Common Problems FAQ With MOHELA Student Loans
MOHELA doesn’t have many as many complaints on file with the CFPB and BBB compared to other student loan servicers. However, there are still common complaints that come up on these sites filed by borrowers. Below we’ve listed three of the major complaints about MOHELA and how to avoid them.
Are there Troubles with how payments are handled
The most common complaint from MOHELA borrowers is about the way that the servicer handles its student loan payments. MOHELA failed to transfer over payments for one borrower, making the payment past due with the other servicer.
While other borrowers have tried to pay down their principal balance within the allowed amount of time and found that MOHELA instead put that money into future payments. This means that interest will accrue on that full principal amount. In this case, you should always document your payments and if you are transitioning over your student loans, call a representative before to ensure that everything goes smoothly.

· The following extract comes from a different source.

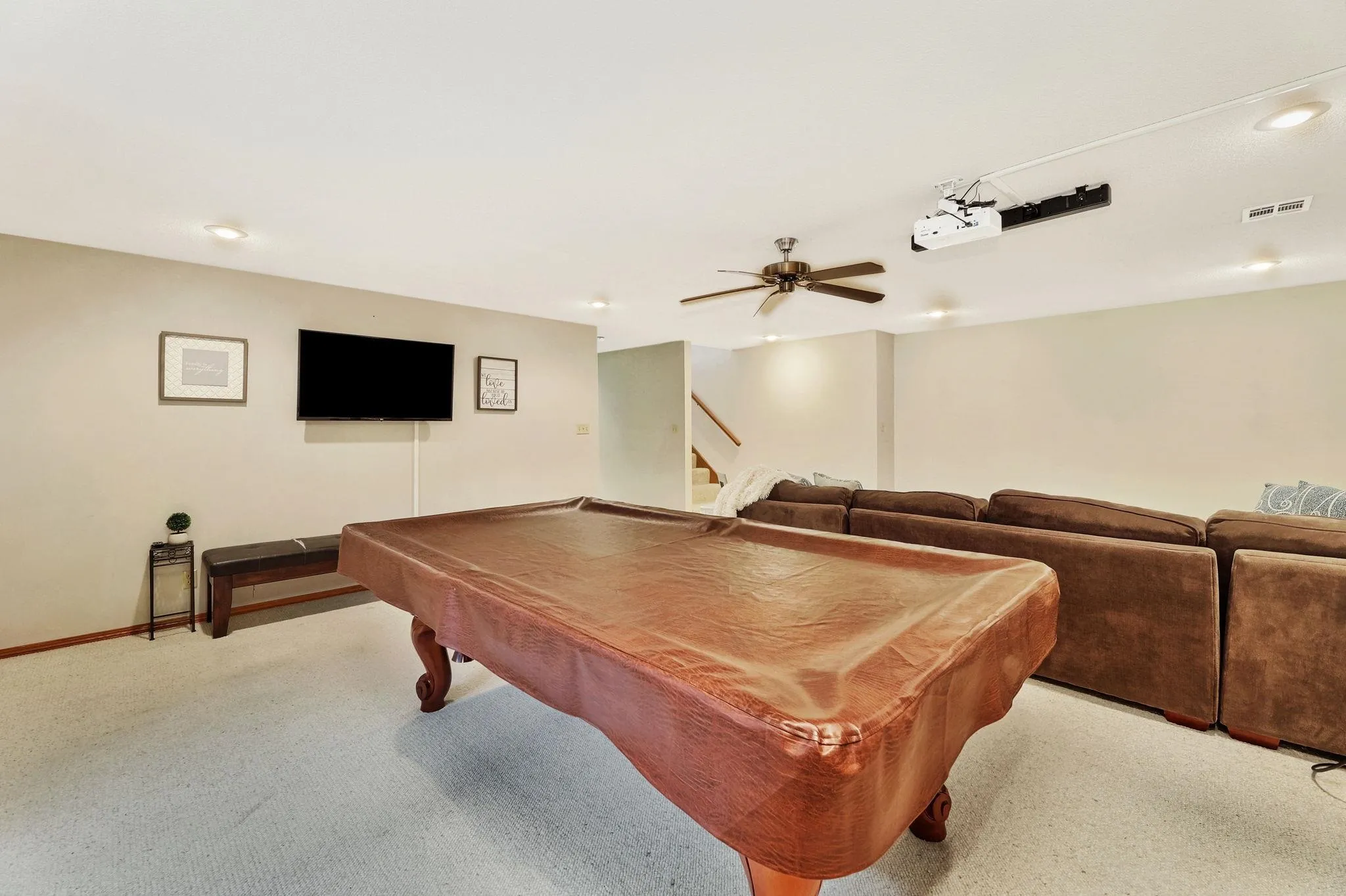 Wellington, Kansas 67152, United States, 5 Bedrooms Bedrooms, ,3 BathroomsBathrooms,Residential,Pending,32360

Received bad information about loans?
Many borrowers also filed complaints about receiving incorrect information about how to qualify for Public Service Student Loan Forgiveness (PSLF) and getting conflicting information about their loans in general from MOHELA representatives.
Whenever you talk to a representative, you should take down their name and, if possible, have them send you an email confirming the information they gave you. Always keep records of your payments and any transfers of your loans. Also, don’t just rely on representatives for information, do your own research on your student loans and the programs you could qualify for.
Do people agree with the fees charged
The other main complaint among borrowers is that they don’t agree with the fees charged on their loans. Most borrowers that file this complaint are having a tough time with their payments and don’t get how the loan balance isn’t decreasing. If you are having trouble understanding your loans, you should contact a representative and work out the best repayment plan for your finances.
Also, try out different repayment plans using online student loan calculators. If you can qualify for income-based repayment plans, your loans will be forgiven after 20 or 25 years, depending on the plan.
Excessive Phone Calls from them?
All servicers need to contact the borrowers they work with at some point. For many borrowers, problems can arise and compound when their servicer cannot reach them. However, when other servicers may claim they did their due diligence after one or a few attempts, MOHELA does not give up. In fact, they may go too far.
This issue has two sides. First, MOHELA tried to contact borrowers whose account recently became delinquent. Several borrowers spoke about how after one missed payment, MOHELA launched calls to their homes, workplaces, and family members.
Often family members were not listed on the borrower’s account, but contacted through skip-tracing. Borrowers felt this was excessive given they were often just one payment behind. Some claimed to not actually be delinquent at all, but having paid on time or having been in forbearance.
The second side shows a different point of view: family, friends, and acquaintances of a (possibly) delinquent borrower. Complaints detail how they were called multiple times a week, sometimes multiple times a day, and were confused by the source of the calls given they did not have any loan associated with MOHELA.